Hi,
http://www.clearforest.com/
Claims to do this, but many experts feel that statistical analysis is
inherently limited, and that at some point grunt librarian work has to
be done by hand. It really depends upon the degree of precision
you're looking for. Clay Shirky discusses ways to fool your users into
doing manual classification in his essays on "Folsonomies" which
discusses the ways in which users of online photo applications such as
Flickr tag their own data.
I believe the in receiving an answer is because what you are asking
for is an artificial intelligence application that doesn't yet exist.
The ability to extract actual concepts (as opposed to unique or
repeated combinations of words) falls into 'skynet' territory, i.e. a
machine that has self awareness.
That said, Steven Berlin Johnson has used DevonThink (for the mac)
with some success to identify related topics within his own body of
notes, and the discussions surrounding Johnson's essay on DevonThink
will link to similar windows applications. I'm also interested in
this topic, as I would like, at some point, to parse student essays
and generate concept maps using something like Graphviz, a free
diagram mapping program.
As an aside, Amazon now generates "SIPS" or Statistically Improbably
Phrases" for the books that it sells that have been digitized.
Looking at Malcolm Gladwell's "Blink" for example, reveals a number of
cool buzzwords such as "adaptive unconscious." I think this problem
falls into the realm of computational linguistics, if that helps any.

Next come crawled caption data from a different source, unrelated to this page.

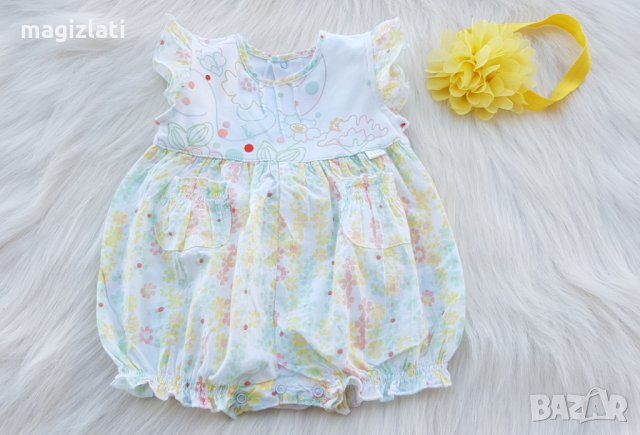 Гащеризон за новородено момиченце, снимка 3 - Бебешки гащеризони - 32796845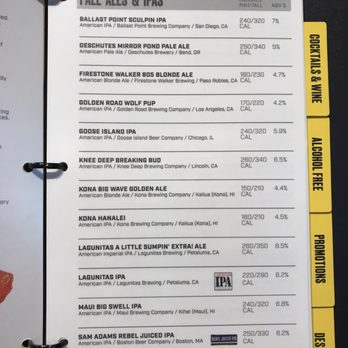 Buffalo Wild Wings - beer list. getting better... but unfortunately Knee Deep Breaking Bud - Sports Bars Near Me - Ewa Beach, Hawaii Buffalo Wild Wings - beer list. getting better... but unfortunately Knee Deep Breaking Bud - Sports Bars Near Me - Ewa Beach, Hawaii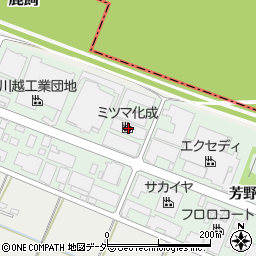 ミツマ化成株式会社周辺の地図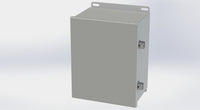 SCE-10086CHNF | NEMA 3R, 12, 4 | CHNF Enclosure, 10H x 8W x 6D | Saginaw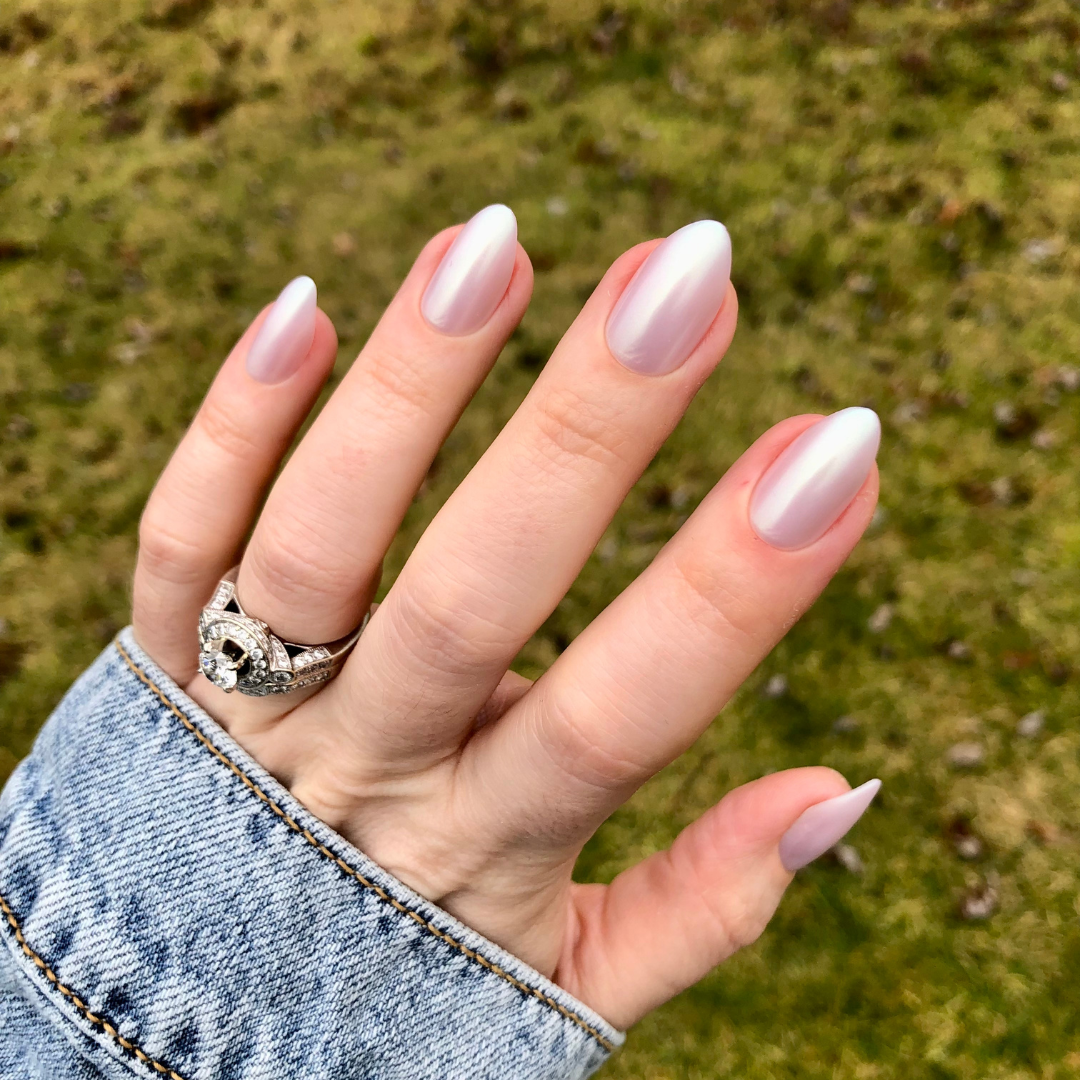 Purple Puka - Press-On | Medium | Almond、mySite、solidvoid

You might also try posting this query at ask.metafilter.com as they
are a bright but rowdy group.
references:
http://tokerud.typepad.com/blog/2005/02/knowledger_kill.html
http://www.stevenberlinjohnson.com/movabletype/archives/000230.html
These guys have a white paper addressing extracting concepts from
plain text. It doesn't point to an application but might include
enough related terminology to help you narrow your search:
http://garage.cps.msu.edu/papers/GARAGe98-07-02.pdf
another good article:
http://www.intelligententerprise.com/031210/619decision1_2.jhtml
Clearforest reviewed:
http://www.vnunet.com/features/1150440
The University of West Florida claims to be doing some "automated
concept mapping" which looks kinda cool:
http://www.ihmc.us/users/acanas/Publications/AAAI99CmapsCBR/AAAI99CmapsCBR.html
My guess is that ClearForest products cost about as much as a black
market adoption. Good luck. Oh and feel free to google and email me
if you find anyone else working on or talking about this problem. A
search for "Markzilla" turns up my crappy blog and email address. |